Giocattoli e povertà: le infanzie fuori dall’economia del gioco
Nonostante i progressi tecnologici e sociali e la globalizzazione, infatti, le disuguaglianze restano profondamente radicate nel mondo: milioni di bambini non hanno ancora accesso a beni che altrove vengono quasi dati per scontati. I giocattoli, insomma, restano un privilegio per molti e non la regola.

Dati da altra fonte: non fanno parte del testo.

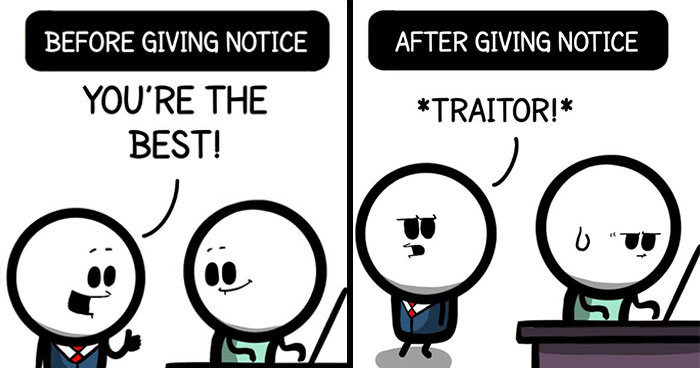 30 Spot-On Comics Illustrating Office Culture, By This Artist (New Pics)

Chi non possiede nulla, però, ha la possibilità di immaginare: l’assenza si traduce in creatività, la scarsità diventa motore di abilità. Dove manca l’oggetto nasce l’immaginazione, dove finisce il denaro comincia l’ingegno: è su questo palcoscenico che si sviluppa una fantasia più vivida, più libera, più autentica. E anche se non sempre questi giochi “improvvisati” durano nel tempo, le abilità che ne scaturiscono – l’inventiva, lo spirito d’adattamento, la capacità di risolvere problemi – rimangono, consentendo ai bambini di sviluppare risorse interiori che li accompagneranno per sempre.
Giocattoli e povertà: il gioco in ogni angolo del mondo
Tra le strade sterrate e le case di fango dei villaggi africani, non è raro vedere piccoli capolavori d’artigianato sfrecciare tra la polvere. Si tratta di macchinine realizzate con fil di ferro piegato a mano, le cui ruote sono costruite con tappi di bottiglia o lattine usate: le chiamano “wire cars” e ogni bambino ne ha una diversa. Nessun modello standard, nessuna confezione patinata o scintillante: veri e propri oggetti unici nati da piccole mani guidate dall’esempio di un fratello maggiore, di un genitore o di un amico più grande.

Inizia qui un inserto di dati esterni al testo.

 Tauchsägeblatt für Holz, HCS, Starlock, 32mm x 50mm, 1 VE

Un po’ ovunque, a partire da alcune regioni del Sud America, si costruiscono bambole con vecchi stracci e lana avanzata. Le facce sono cucite a mano, con bottoni spaiati al posto degli occhi: ogni bambola ha un nome, un vissuto, un carattere. Pazienza che non comunichino premendo un pulsante: sono le voci squillanti dei bambini, con un pizzico di fantasia, a dar loro vita.
Nel cuore delle Filippine, invece, basta una lattina e qualche ciabatta per divertirsi. Per giocare a “Tumbang Preso” si disegna un cerchio attorno alla lattina e una linea di lancio a circa due metri di distanza: un giocatore, col ruolo di “guardiano”, si posiziona vicino alla lattina mentre gli altri, i “lanciatori”, cercano di colpirla lanciando le loro ciabatte da dietro la linea. Se la lattina viene abbattuta i lanciatori devono recuperare rapidamente le loro ciabatte, mentre il guardiano cerca di rimetterla in piedi il prima possibile. Questo gioco tradizionale è un’ottima testimonianza della creatività dei bambini nel trasformare oggetti comuni in strumenti ludici.
Giocare con poco: la nostra memoria, il loro presente
Quelli citati finora sono soltanto alcuni esempi degli innumerevoli giochi nati nei Paesi più poveri, tra materiali di recupero e regole tramandate verbalmente. Ogni cultura ha le sue varianti, ma insieme condividono lo stesso spirito: divertirsi nonostante tutto. Dove non c’è plastica lucida c’è legno levigato a mano, dove non ci sono luci e suoni elettronici c’è il vento che fa roteare una rudimentale trottola sulla terra battuta. Dove non ci sono pupazzi, poi, ci sono sassi con volti disegnati, ritagli di stoffa tramutati in mantelli, scatole di cartone diventate astronavi. E potremmo continuare all’infinito.
Crescendo in contesti lontani dal consumo di massa i bambini sviluppano una forma di creatività ormai rara, quella che nasce dalla mancanza: imparano a vedere un mondo oltre l’oggetto, a trasformare ciò che hanno in ciò che vogliono. Fino a non troppo tempo fa, questa forma di inventiva nata dalla necessità era patrimonio comune. Non serviva andare lontano: anche nei nostri cortili, nelle periferie delle città o nei paesi di campagna, i bambini costruivano mondi partendo dal nulla. Le biglie scivolavano su piste scavate nella terra, le figurine si vincevano con il “soffio”, i bastoni diventavano spade, le scatole robot e le lenzuola stese tra due sedie tende da esploratori. Nessuno pensava che mancasse qualcosa: tutto ciò che serviva per giocare era già lì, tra compagnia, immaginazione e un pizzico di ingegno.